For the i-th day (initially i=0), we check the next K days, i.e., from (i+1)-th to (i+K)-th day. If no holidays are included, we increase the number of presents by one and move to the (i+K)-th day; otherwise we add the number of holidays to the current number of presents and move to the last holiday. Note that if i+K>N, it is sufficient to only count the number of holidays from the i-th day to the N-th day, and add it to the number of presents.
B. Cutting Jigsaw Puzzle
The solution is straightforward but might be a little complicated to code.
At first, we should enumerate all the feasible sizes of pieces.

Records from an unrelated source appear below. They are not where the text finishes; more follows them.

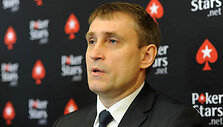Kęstutis Kemzūra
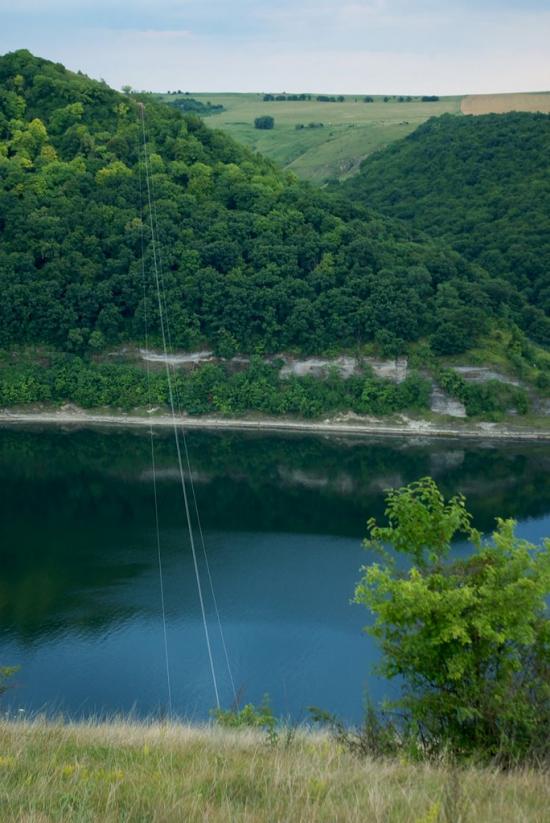 Бабин з panoramio.com - Babyn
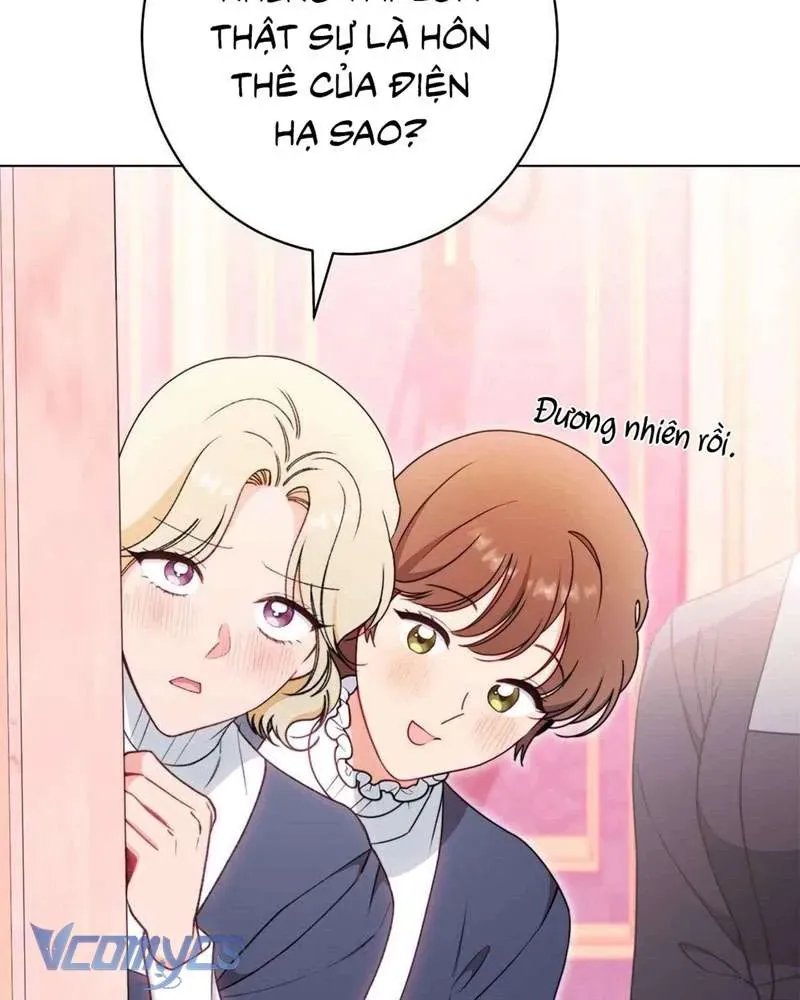 Chapter 112 - Image 72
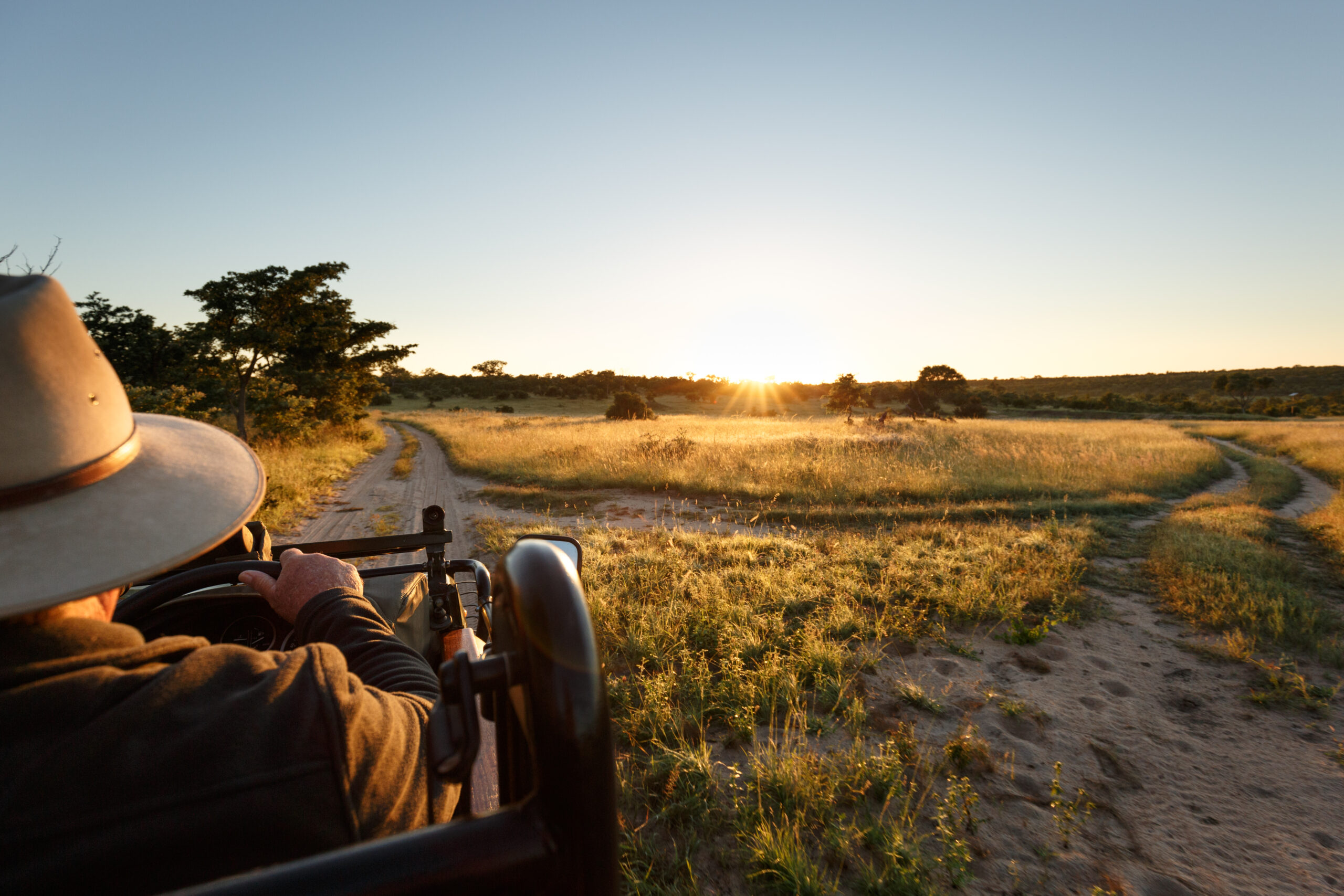 SevenTravel Unveils Singlemoon Itineraries for 2023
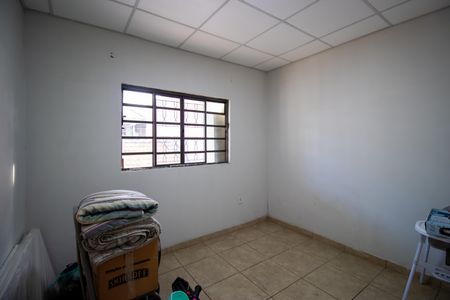 Casa para alugar com 60m², 2 quartos e sem vagaQuarto 1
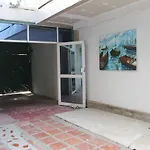 Hotel El Coral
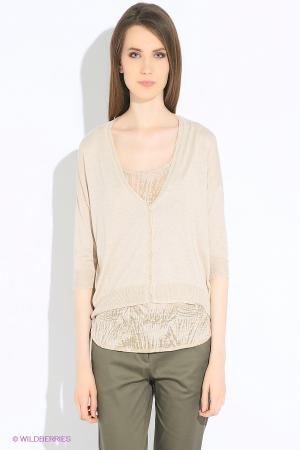 Кардиган Oodji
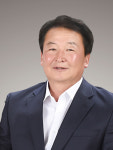 경산시의회 제237회 임시회 개회...의장 박순득, 부의장 안문길 선출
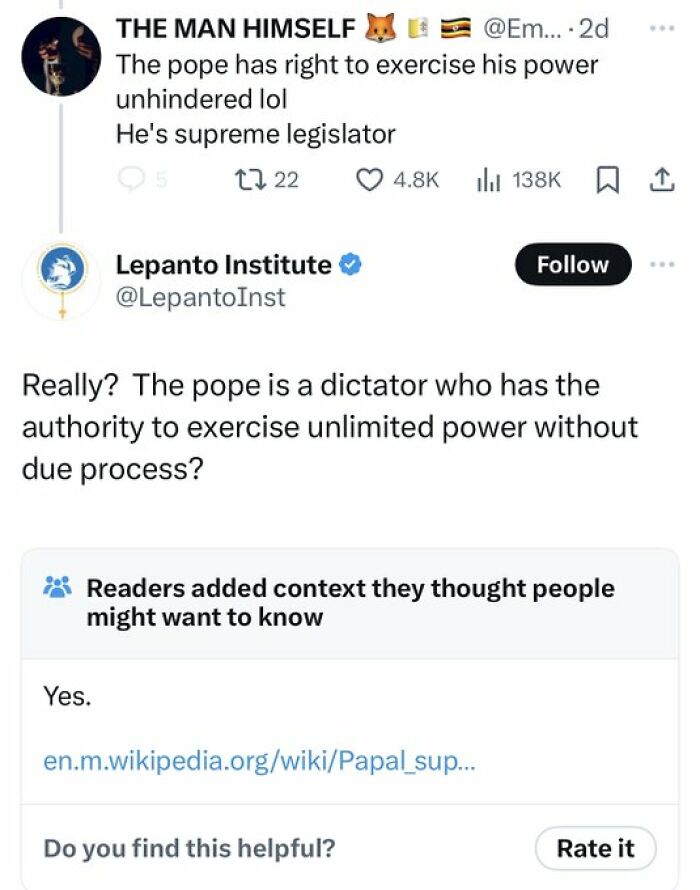 Community-Notes-Violating-People-Fact-Check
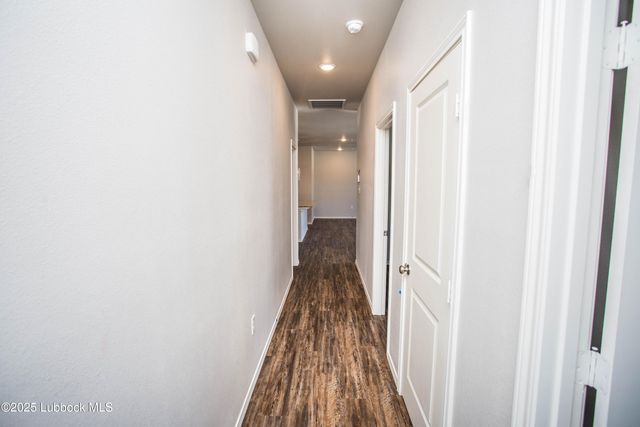 5861, 5863, 5865 Virginia Avenue, Lubbock, TX 79407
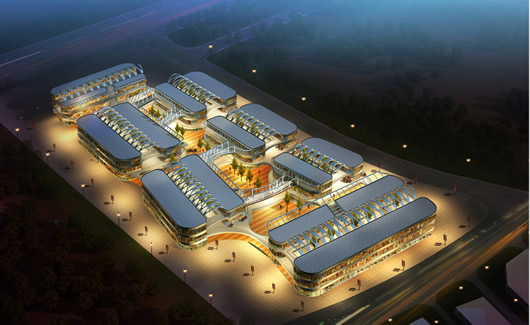 人民電器,人民電器集團,中國人民電器集團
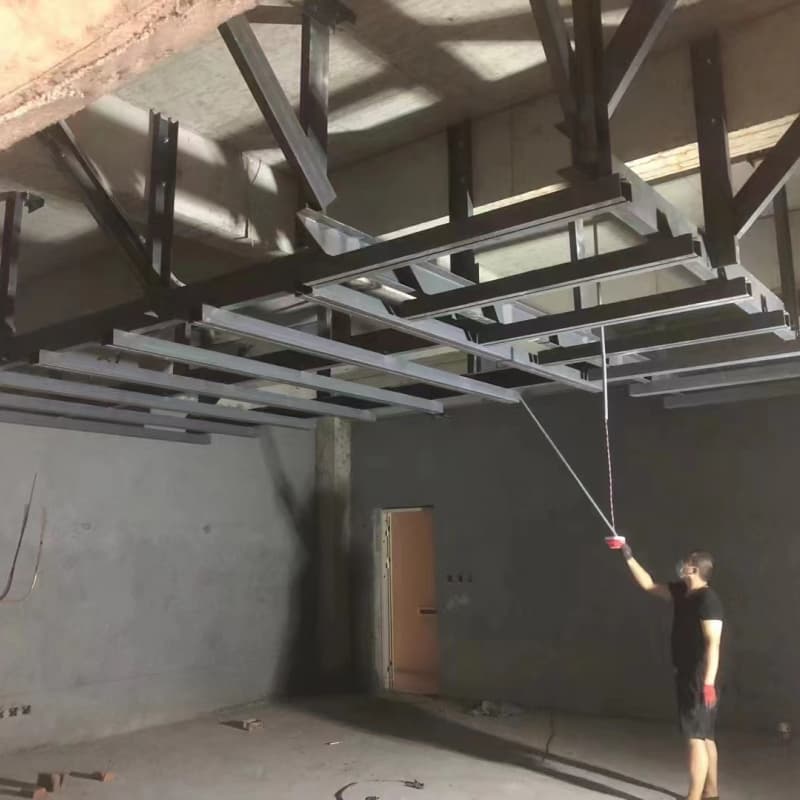防辐射硫酸钡板公司介绍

A size with x*y is feasible if x and y are factors of A and B, respectively. For each feasible size x*y, we find out all the pieces and check if there exist any two pieces that are exactly the same. Any two pieces are exactly the same if at least one of the following conditions can be satisfied:
1) They are the same without any rotations;
2) They are the same if the second one is rotated with 180 degrees;
3) They are the same if the second one is rotated with 90 degrees;
4) They are the same if the second one is rotated with 270 degrees;
If there are not any two pieces that are the same, then this size x*y results in a good puzzle, and we should further record the minimum size according to the requirements.
C. First Digit Law
This problem can be divided into two subproblems.
Subproblem 1): given the interval [L,R], how to count the number of integers whose most significant digit is 1? Suppose that F(n) is a function which calculates the number of integers from 1 to n, and thus this subproblem can be solved by computing F(R)-F(L). To implement such a function, we can try 1,10,100,...,10^m, until 10^m<=n, and the answer will be 1+10+100+...+10^(m-1)+min(10^m, n-10^m+1). Moreover, we can immediately calculate the probability of selecting an integer whose most significant digit is 1 as (F(R)-F(L))/(R-L+1);
Subproblem 2): given N events and the probability that every event occurs, how to calculate the probability that at least K of them occur? A straightforward method that enumerates all the feasible combination may fail since the number is likely to be quite huge. However, we can use DP, like Pascal's Triangle, to avoid the above difficulty. We use D[n][m] to denote the probability that for the first n events, exactly m of them occur. One can check that D[n][m]=D[n-1][m-1]*p[n]+D[n-1][m]*(1-p[n]), where p[n] denotes the probability that the n-th event occurs, while the initialization is done by setting D[0][0]=1. Then, the answer is just D[N][K]+D[N][K+1]+...+D[N][N].